The PIV flow meter captures tracer particles on an axially illuminated light sheet formed by a pulsed laser and a beam-steering lens using a CCD camera. The particle velocities are then calculated using cross-correlation algorithms to estimate the fluid velocity, allowing for the determination of cross-sectional flow rates. Through multiple experiments and actual flow rate measurements conducted at the Gas Research Institute of Southwest Oil and Gas Fields Company, we discovered that the complex structural nature of natural gas pipeline networks intensified fluid flow fluctuations in the flow field. This may result in the radial movements of fluid molecules or tracer particles, which makes it difficult for the CCD camera to accurately capture the particle’s motion. As a consequence, measurement errors may occur. To further improve the measurement reliability of the PIV flowmeter and identify the physical factors affecting its measurement results, this study conducted flow rate measurements using the PIV flowmeter in downstream areas with different structures, such as single straight pipes (ideal structure), relative manifolds, and misplaced manifolds.
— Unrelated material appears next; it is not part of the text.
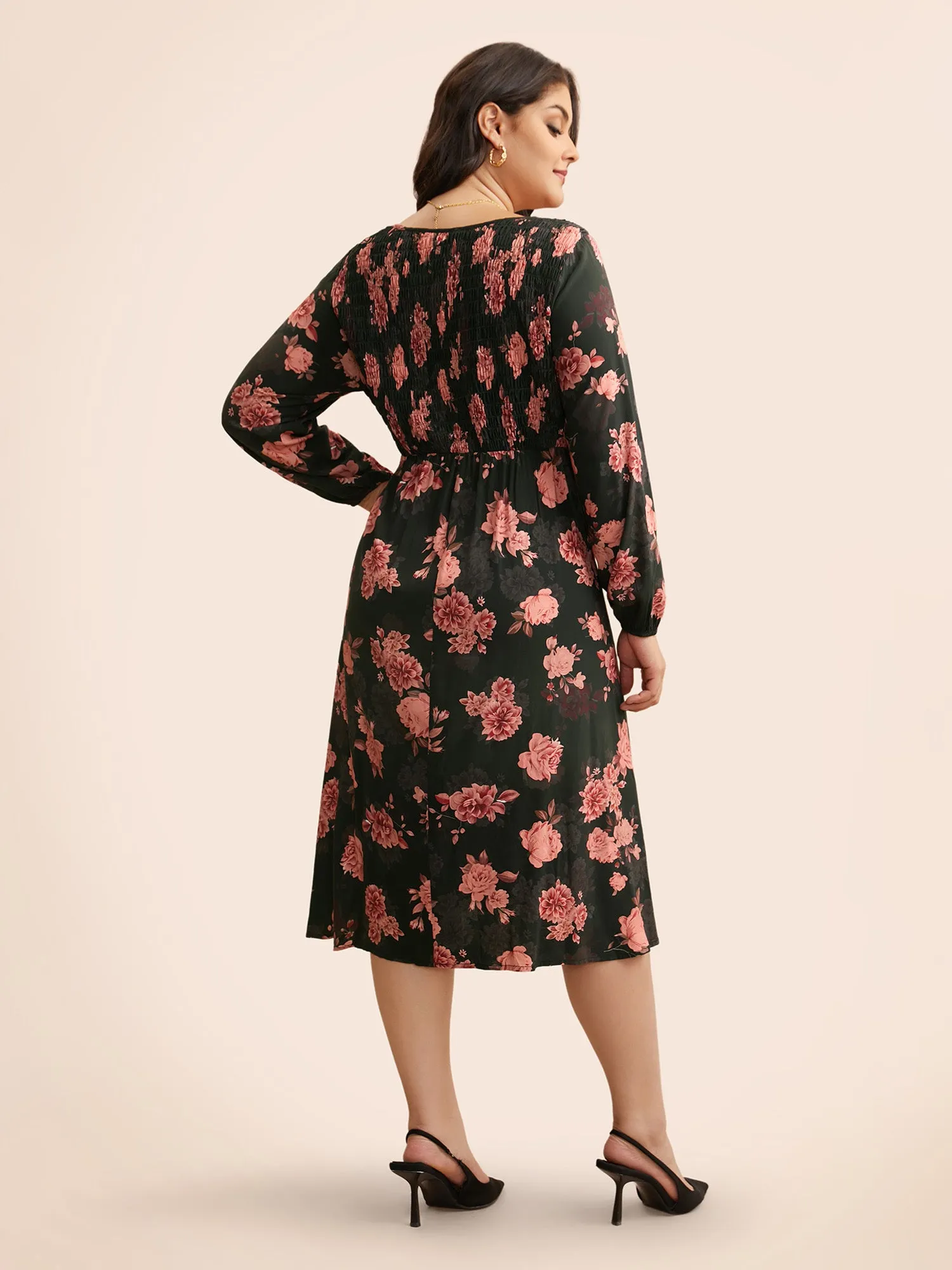 Floral Lantern Sleeve Shirred Pocket Dress sold by Bloomchic product image thumbnail 4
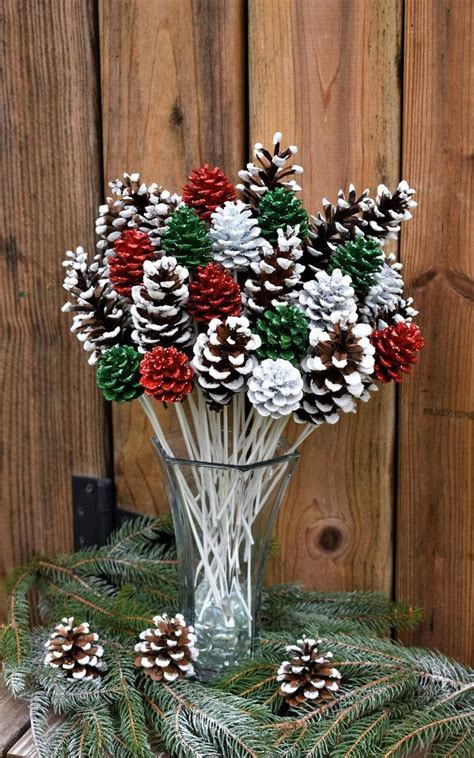 Holiday Pine Cone Flowers One Dozen White Tipped Glitter Pine Etsy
The flow characteristics in downstream areas with different manifold structures were studied using visualization methods to analyze the reasons for measurement deviations in the results of the PIV flowmeter. This research provides technical references for the further development of the PIV flowmeter.
2. Materials and Methods
The PIV measurement system used in this study included a pulsed laser, synchronizer (610034, TSI, Shoreview, MN, USA), CCD camera, lens set of a film light source (610021-SOL), and image acquisition and analysis system (TSI Insight 3.0). The overall working mode of the system was a cross-correlation and the maximum measured speed was 500 m/s. The maximum measurement area was 400 mm × 600 mm, the maximum resolution was 1 mm × 1 mm, and the maximum frame rate was 15 Hz. The basic parameters of the pulsed laser and CCD camera are shown in
Table 1.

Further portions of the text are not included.